| ASSIGNED TASK |
Output only the lines below that start at the line containing "So let's do" and end at the line containing "There you go, with", with both ends kept.

| RECORDS FOR THIS TASK |
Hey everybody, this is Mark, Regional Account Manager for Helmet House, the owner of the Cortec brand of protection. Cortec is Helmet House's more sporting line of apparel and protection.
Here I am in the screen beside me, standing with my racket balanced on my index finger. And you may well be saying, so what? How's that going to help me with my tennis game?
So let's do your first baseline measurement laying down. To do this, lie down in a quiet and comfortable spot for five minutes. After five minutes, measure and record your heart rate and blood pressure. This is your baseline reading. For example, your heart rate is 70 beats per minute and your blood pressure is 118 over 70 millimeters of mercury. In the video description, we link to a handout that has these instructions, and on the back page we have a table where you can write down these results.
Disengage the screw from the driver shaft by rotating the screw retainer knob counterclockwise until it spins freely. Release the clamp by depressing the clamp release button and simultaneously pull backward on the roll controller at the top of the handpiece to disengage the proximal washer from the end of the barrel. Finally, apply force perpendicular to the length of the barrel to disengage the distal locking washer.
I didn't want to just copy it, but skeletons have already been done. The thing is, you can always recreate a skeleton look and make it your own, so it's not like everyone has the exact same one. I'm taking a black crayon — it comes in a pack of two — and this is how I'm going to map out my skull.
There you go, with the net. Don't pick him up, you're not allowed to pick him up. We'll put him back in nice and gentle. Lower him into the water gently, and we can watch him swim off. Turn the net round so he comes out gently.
--
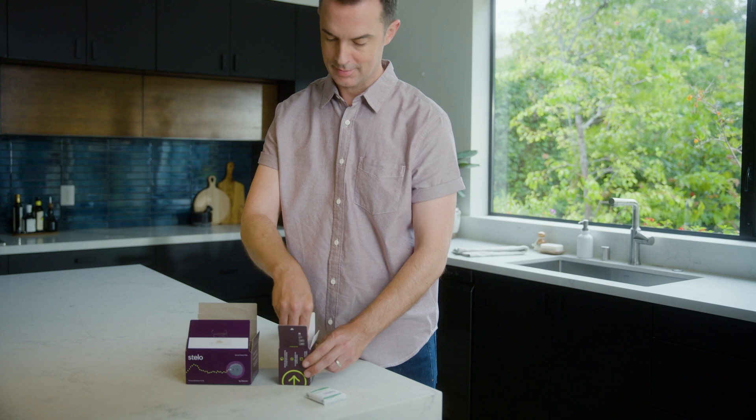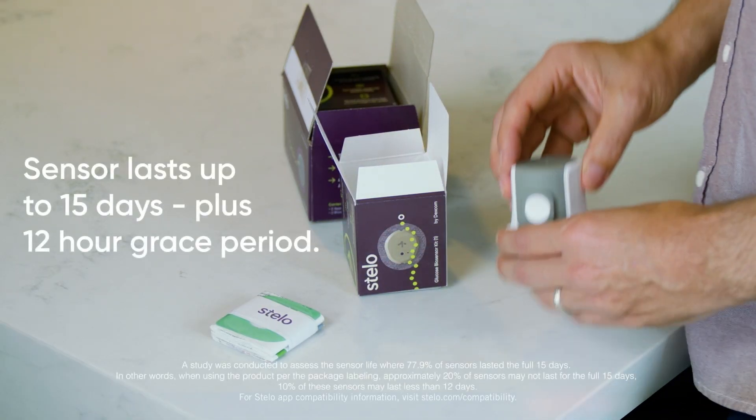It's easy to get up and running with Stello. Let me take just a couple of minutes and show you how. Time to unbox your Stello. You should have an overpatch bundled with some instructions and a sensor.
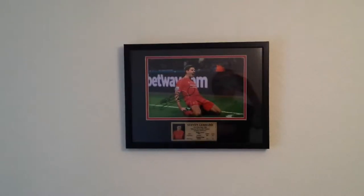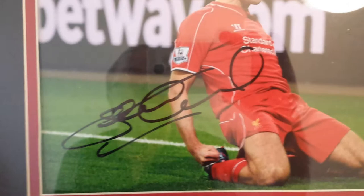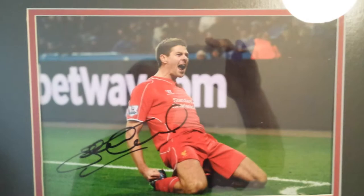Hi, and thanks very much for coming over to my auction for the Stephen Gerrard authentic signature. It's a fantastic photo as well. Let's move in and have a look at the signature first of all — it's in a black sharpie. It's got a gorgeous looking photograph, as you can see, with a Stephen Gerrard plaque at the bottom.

| RESPONSE AREA |
So let's do your first baseline measurement laying down. To do this, lie down in a quiet and comfortable spot for five minutes. After five minutes, measure and record your heart rate and blood pressure. This is your baseline reading. For example, your heart rate is 70 beats per minute and your blood pressure is 118 over 70 millimeters of mercury. In the video description, we link to a handout that has these instructions, and on the back page we have a table where you can write down these results.
Disengage the screw from the driver shaft by rotating the screw retainer knob counterclockwise until it spins freely. Release the clamp by depressing the clamp release button and simultaneously pull backward on the roll controller at the top of the handpiece to disengage the proximal washer from the end of the barrel. Finally, apply force perpendicular to the length of the barrel to disengage the distal locking washer.
I didn't want to just copy it, but skeletons have already been done. The thing is, you can always recreate a skeleton look and make it your own, so it's not like everyone has the exact same one. I'm taking a black crayon — it comes in a pack of two — and this is how I'm going to map out my skull.
There you go, with the net. Don't pick him up, you're not allowed to pick him up. We'll put him back in nice and gentle. Lower him into the water gently, and we can watch him swim off. Turn the net round so he comes out gently.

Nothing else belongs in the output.